In preparation for this year’s Night of Science Event in Hamburg on 7 November, members of the Löw group have designed and constructed a game to explain and demonstrate how proteins can transport molecules across a cell membrane. Yonca Ural-Blimke explains how they went about it, in the first in the 'Made at EMBL' series.
What does the game demonstrate?
Transporter proteins are anchored in, and span the entire depth of cell membranes – as the name suggests, they move molecules from one side of the membrane to the other. There are several different types of transporter proteins and mechanisms for moving molecules. We study proton-dependent oligopeptide transporters – POT for short – that move the products of digestion and certain drugs. POT proteins consist of two bundles that combine in different formations to carry molecules across the membrane. This game demonstrates the ‘alternating access mechanism’, whereby access by the molecule (the ball) is first into the protein, and then out into the cell once the first access point is closed.
Tell us more…
The central part of the game is a model of the transporter protein embedded within a cell membrane: the two POT bundles are represented by two polystyrene blocks positioned between plexiglass sheets decorated to represent the cell membrane. The aim of the game is to throw a small ball into the model, making the two parts of the protein move apart to let the ball cross the membrane.
How did you design and build the game?
We started playing around with the idea for EMBL’s Lab Day, and discussed with various people about how to build it: How could we get two parts to move?
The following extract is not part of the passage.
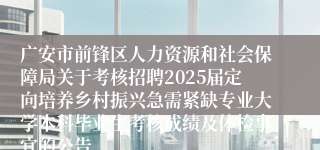 广安市前锋区人力资源和社会保障局关于考核招聘2025届定向培养乡村振兴急需紧缺专业大学本科毕业生考核成绩及体检事宜的公告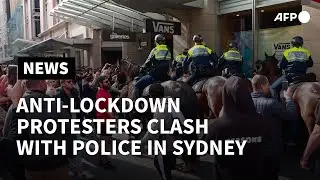 Anti-lockdown protesters clash with Sydney police | AFP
What transparent but sturdy material could we use? After some brainstorming, I presented our idea to Mechanical Technician Doris Jahn and asked if she could help – fortunately, she said yes! We went through the workshop together and picked out some materials to test. I originally planned to build the game at home, but quickly learned that it was important to have access to the right cutting tool; moreover, the hands-on preparation of the game together with Doris in the workshop was lots of fun! An important consideration was the final size: big enough to see, but small enough to safely transport and use.
An important consideration was the final size: big enough to see, but small enough to safely transport and use.
What was the most challenging part of the design?
One of the hardest issues to solve was how to get the two parts of the protein to stay in the correct conformation – it wasn’t really clear until the final day how to get around it. We considered using springs to keep the parts on one side together and on the other apart, but that is surprisingly hard to get right while not obstructing the ball. The trick was to add a weight – a metal bar – to the bottom corner of the polystyrene, to keep it in the right orientation. The decorations were also fiddly and time consuming – I printed them using modelling software and yes, they are images of the real proteins!
How are you refining the game?
We initially planned that people should stand about three steps back and attempt to throw balls into the transporter – anyone who successfully landed three from six balls would be listed in a Hall of Fame. At Lab Day, this turned out to be an impossible task, so people just kept throwing until they got one ball in. We ended up with many names on the poster, and it created a playful, cheerful atmosphere. For younger players we will set an easier distance and a more achievable goal. In the future, we could decorate the balls with different chemical formulas so players can choose which molecule to add. Less bouncy balls may also improve gameplay – I visited numerous toyshops to find the right size and weight, asking “Do you have something like this but heavier? Or like this but smaller?” No one ever said scientific enquiry was easy!